Em primeiro lugar, vou contar os processos anteriores de Epstein, só para que se veja como a sua “tara” era do domínio público e que, portanto, ninguém, sobretudo pessoas com interesse pelo mundo, pode alegar que nunca ouviu falar
Os factos são concretos e incontestáveis: Epstein fazia aplicações financeiras que lhe rendiam milhões (600 no espólio), recebia personalidades importantes nas suas casas, em Miami, Nova Iorque e numa ilha privada das Caraíbas, e ao mesmo tempo tinha uma tara por miúdas muito jovens, regularmente aliciadas por Ghislaine Maxwell, a sua “namorada”.

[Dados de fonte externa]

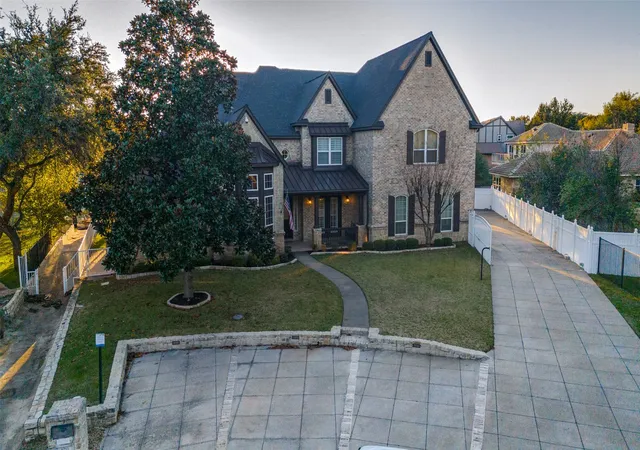 Photo 4 of Single family home for sale at 9253 Cape Royale Ct, Fort Worth, TX 76179 | MLS# 21124133 | Listing updated on 2026-09-29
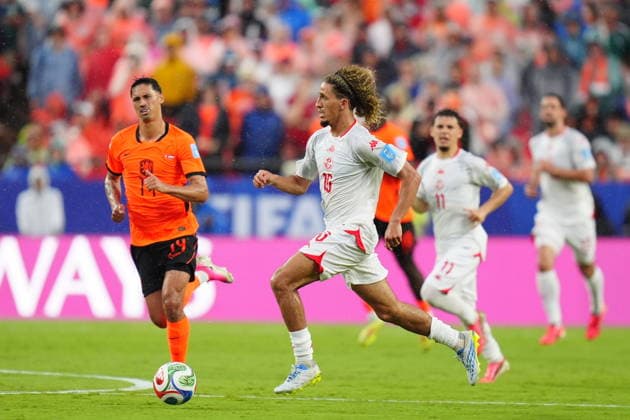 Tunisia v Netherlands - FIFA World Cup, WM, Weltmeisterschaft, Fussball 2026 - Group F KANSAS CITY, UNITED STATES - JUNE 25: Hannibal Mejbri (10) of Tunisia in action during the 2026 FIFA World Cup First Stage Group F match between Tunisia and Netherlands at Arrowhead Stadium (Kansas City Stadium) in Kansas City, Missouri, United States on June 25, 2026. Hakan Akgun Anadolu Missouri United States. Editorial use only. Please get in touch for any other usage.  Copyright: x2026xAnadoluxHakanxAkgunx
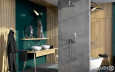 Przestrzenna łazienka z drewnianymi lamelami na ścianie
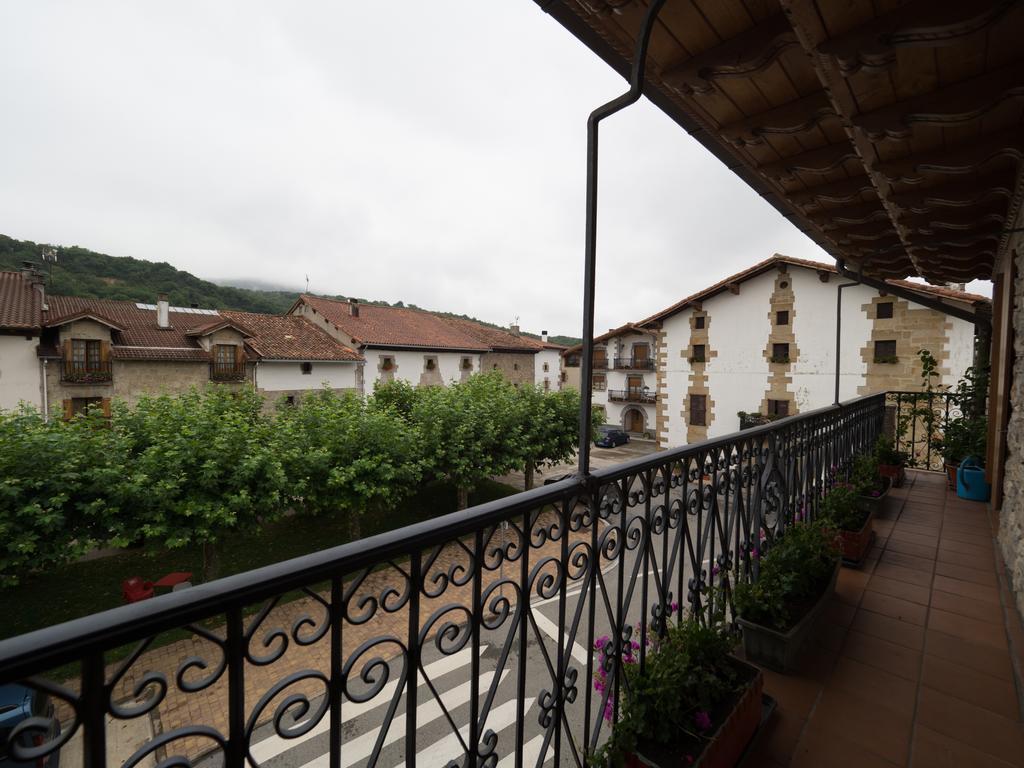 Casa Rural Martxoenea Landetxea Hotel Arruazu Esterno foto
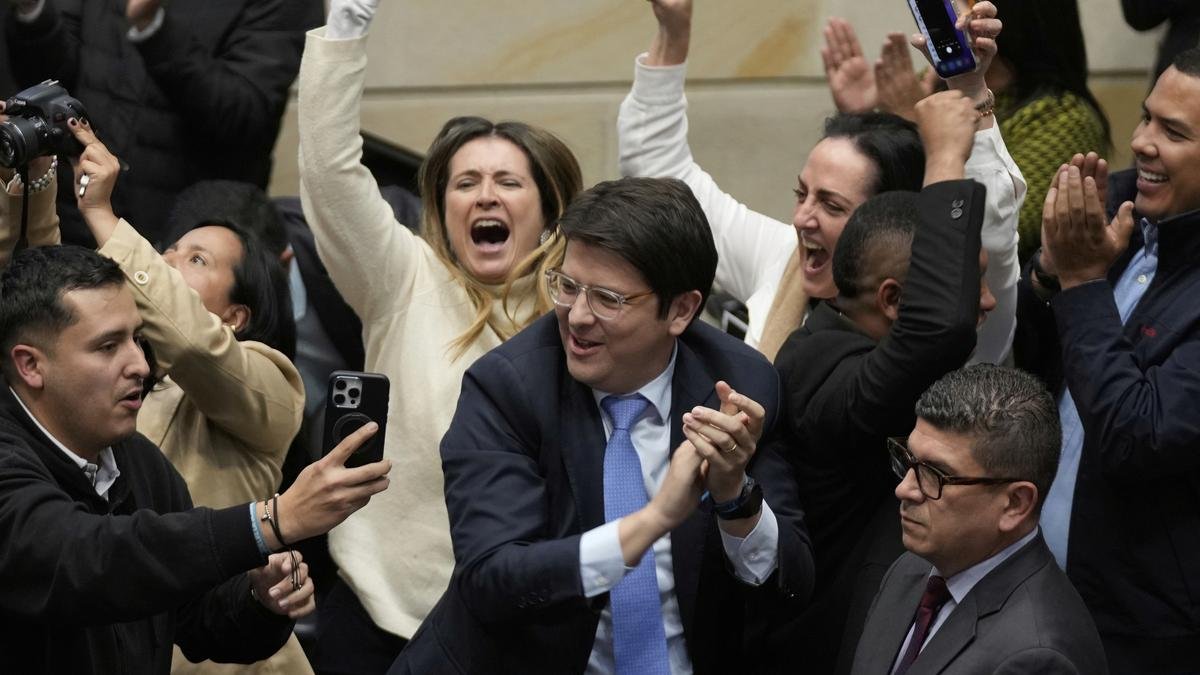 Colombian Sen Miguel Uribe Turbay has died, weeks after campaign rally shooting in Bogota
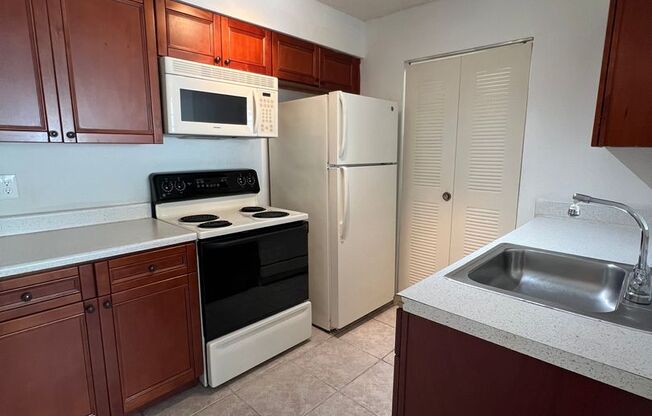 1 BEDROOM 1 BATHROOM AVAILABLE FOR RENT (METROWEST) 32835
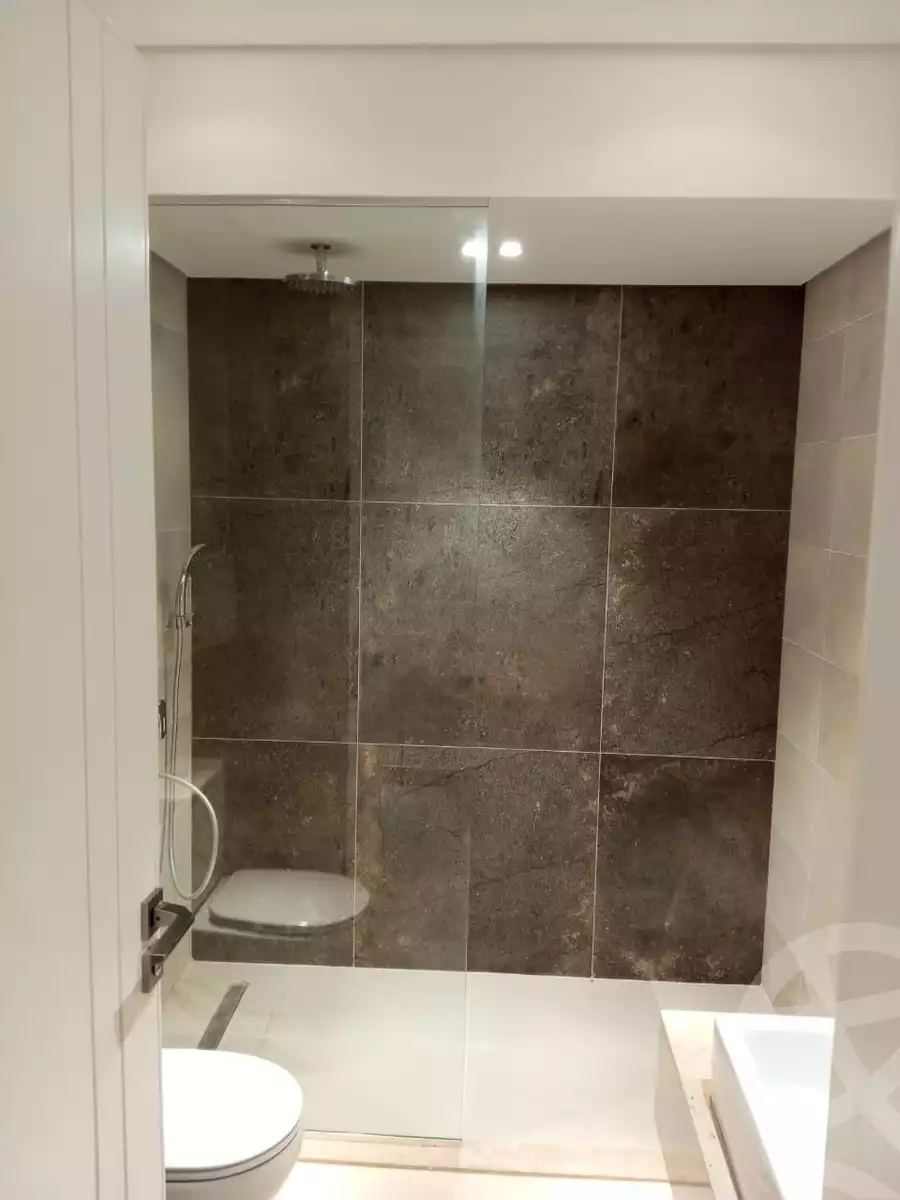 https://aqarmap.com.eg/en/listing/4173408-for-sale-cairo-el-sheikh-zayed-city-compounds-kmbwnd-fyldj-wyst-dr-llttwyr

Em 2005 foi acusado de ter sexo com miúdas de 12 anos. As meninas, de famílias pobres, eram aliciadas por Ghislaine, que viajava no carro com chauffeur por todo o país à procura de candidatas, prática que, segundo ela, tinha começado em 1995. Virginia Giuffre, que mais tarde desencadearia todo o processo, ao acusar Epstein de a ter “oferecido” aos amigos, inclusive ao Príncipe André, tinha 15 anos e era filha de um empregado da casa de Trump na Flórida, Mar-a-Lago.
A madrasta de uma miúda de 14 anos que frequentava o liceu de Palm Beach fez uma denúncia na polícia, contando que a enteada tinha sido violada por um “homem muito rico”. Segundo ela, “parece que o homem tem muito dinheiro e costuma receber muitas menores em casa.”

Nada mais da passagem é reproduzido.